The Effects of the Bologna Process on College Enrollment and Drop-out Rates
ZEW Discussion Paper No. 10-018 // 2010The Bologna Process was introduced in the member states of the European Union in 1999 with the aim of creating a European Higher Education Area. The main component of the reform was the replacement of the existing national systems of higher education degrees with a homogeneous Bachelor-Master system. The idea was that the comparability of higher education degrees should improve student and labor force mobility, generate competition between universities and thus increase international competitiveness of the European system of higher education.
In certain countries, an additional political objective was to increase the number of higher education graduates and thereby address the lack of highskilled personnel. In many countries including Germany, the Bachelor degree can be obtained in a shorter period of time and is therefore less costly than the traditional national university degrees. This could encourage more students to invest in higher education and to finish their degrees. On the contrary, the returns to the new degrees are still uncertain. According to human capital theory, direct and indirect costs of studying are a major determinant of the decision to pursue tertiary education. It is therefore unclear whether the reform has an effect on college enrollment and drop-out rates.

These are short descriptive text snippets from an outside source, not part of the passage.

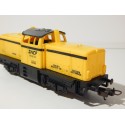 LIMA LOCOMOTIVE 040 DE 532 SNCF JAUNE HO SANS BOITE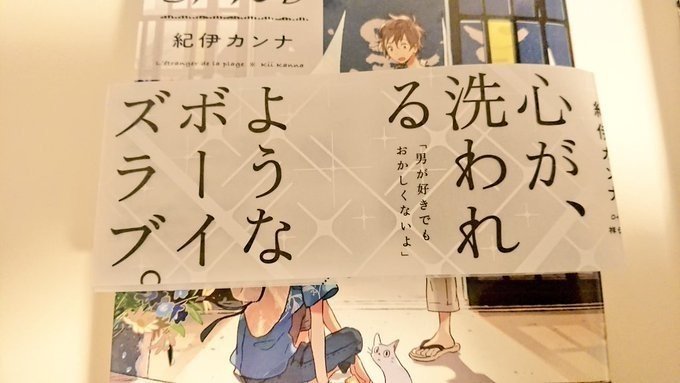 Bl漫画 海辺のエトランゼ 感想 春風のエトランゼ との違いは Aoい 文芸クリエイター Note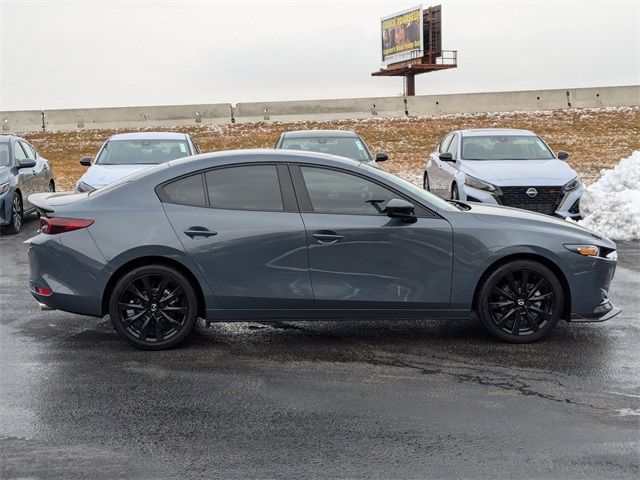 2024 Mazda Mazda3 Sedan 2.5 S Carbon Edition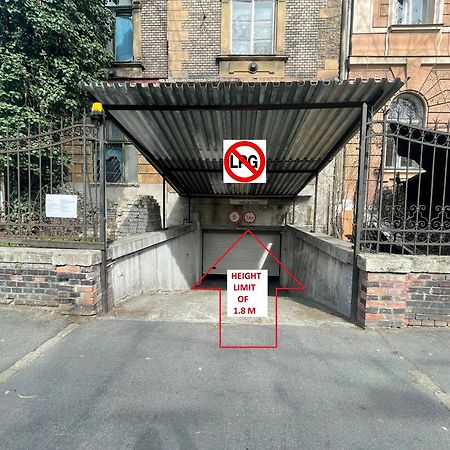 Inbp06 Studio Apartment #Freeparking Boedapest Buitenkant foto
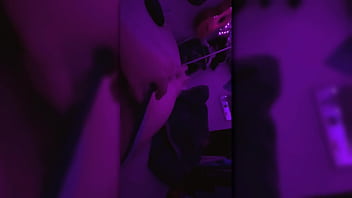 Preview 4 of Kya Baat Hai Song - Latina trans girl does not stop fucking her new vagina until she fills it with her hot cum
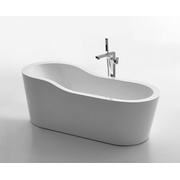 Акриловая ванна BelBagno 175x80x68 см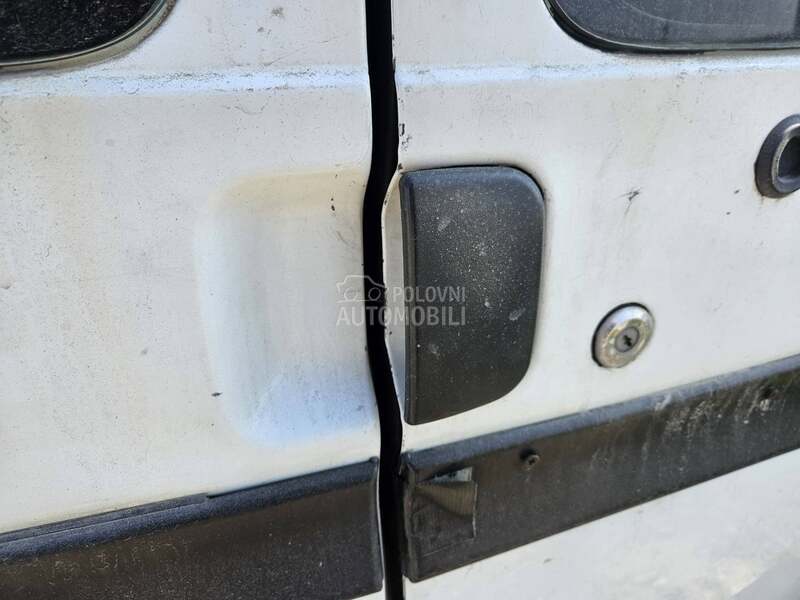 Brava Gepeka za Citroen Berlingo od 1996. do 2008. god.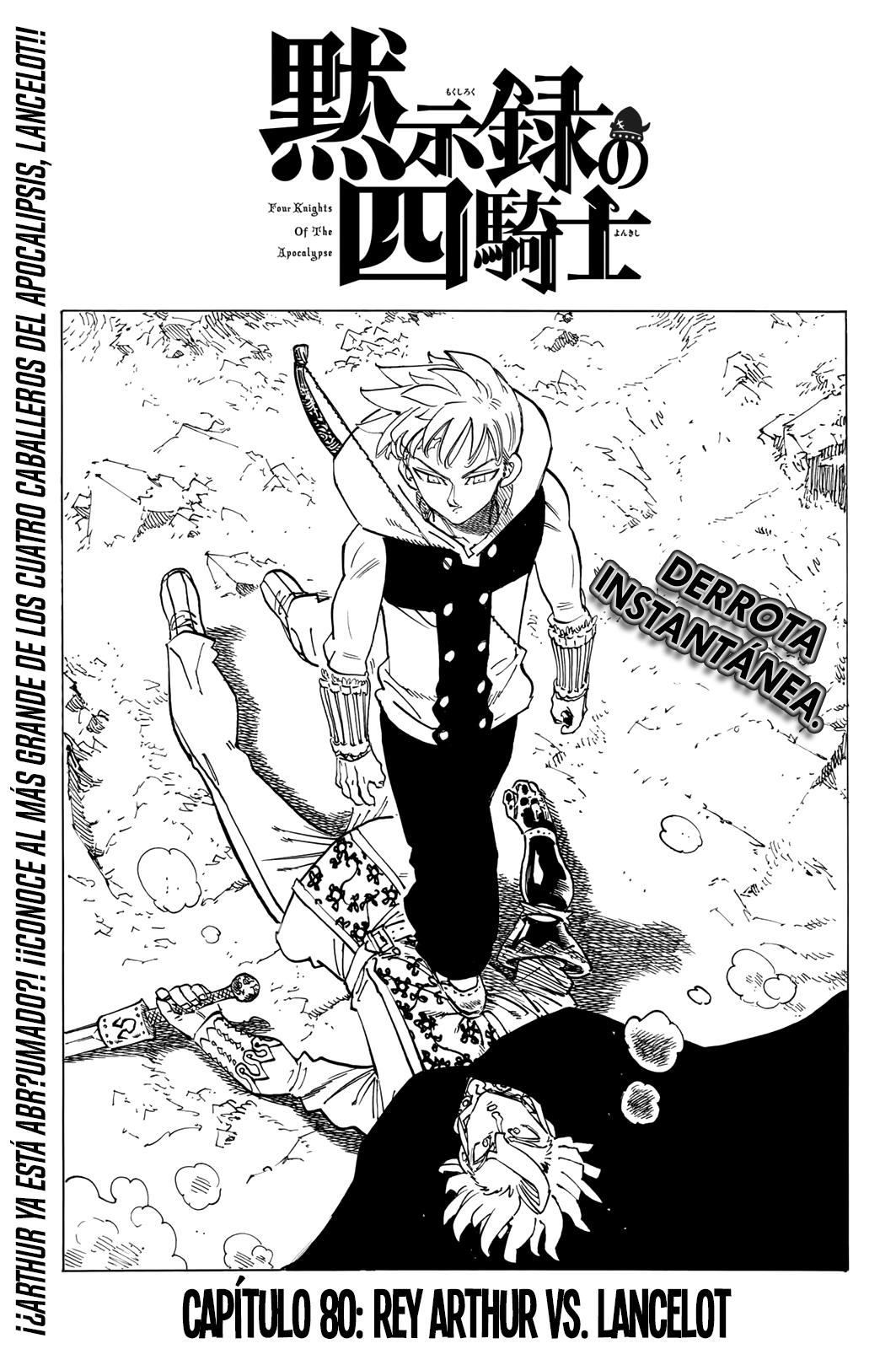 Read Los 4 caballeros del apocalipsis ES Manga Online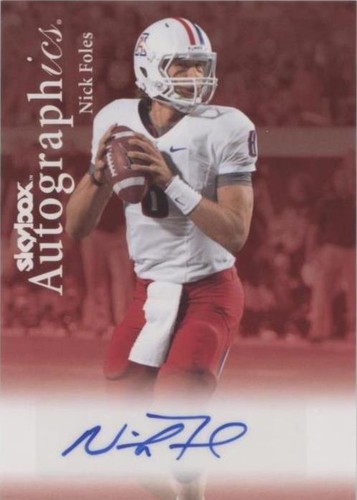 2012 Fleer Retro Nick Foles #99AU-NF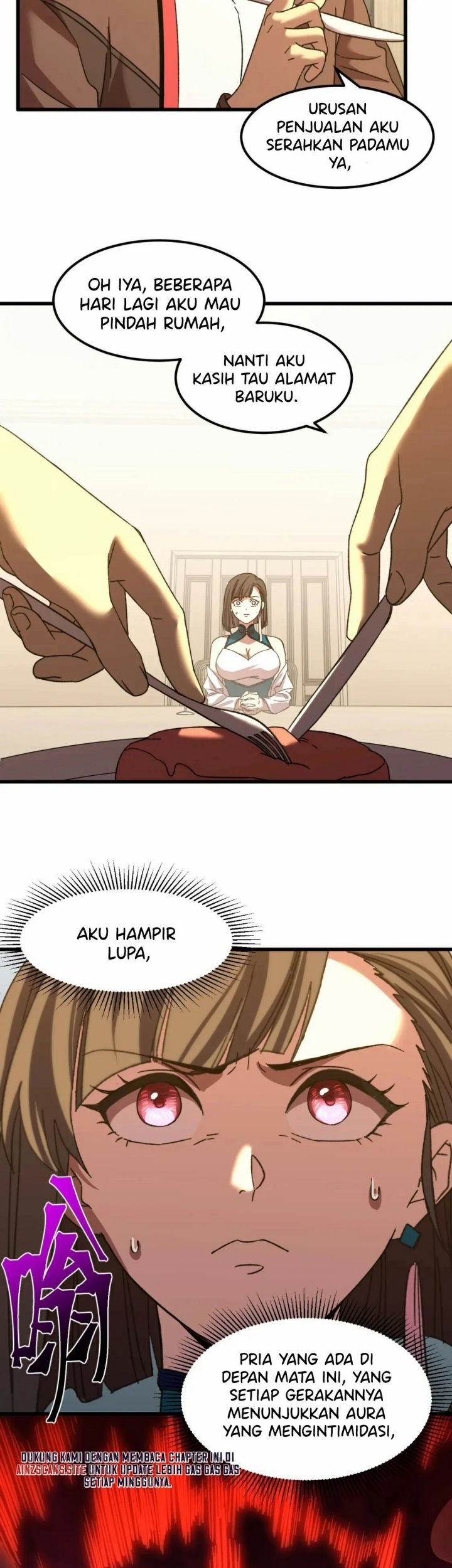 Apex Future Martial Arts Chapter 60 Halaman 23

Existing evidence on the impact of the Bologna reform on higher education enrollment and drop-out rates is limited. This is due to the fact that the reform has only been implemented very recently and that it was too early so far to measure its effects. In this paper, using administrative data on all German students from 1998 to 2006, we estimate the short-term effects of the implementation of the Bachelor degree on student enrollment and drop-out rates at the department level. We use differences in the timing of the implementation of the Bachelor degrees at the department level to identify the effects of the reform.
We find that the introduction of the Bachelor degree has no significant impact on enrollment or drop-out rates for most subjects. The reform therefore does not seem to have changed the incentives to pursue higher education at this stage. We do find significantly negative effects of the Bachelor implementation on enrollment for the subjects of electrical, mechanical and industrial engineering as well as for physics. We interpret this result as a possible sign of students avoiding the new degrees in these subjects because the traditional German engineering degrees have a very good reputation. If this is the case, the observed negative effect should eventually vanish as the traditional degrees are increasingly replaced by Bachelor programs. Hence, we should keep in mind that the effects of the reform on the number of first-year students as well as on drop-out rates may be different in the long-run, when all departments will have implemented the reform.
Horstschräer, Julia and Maresa Sprietsma (2010), The Effects of the Bologna Process on College Enrollment and Drop-out Rates, ZEW Discussion Paper No. 10-018, Mannheim.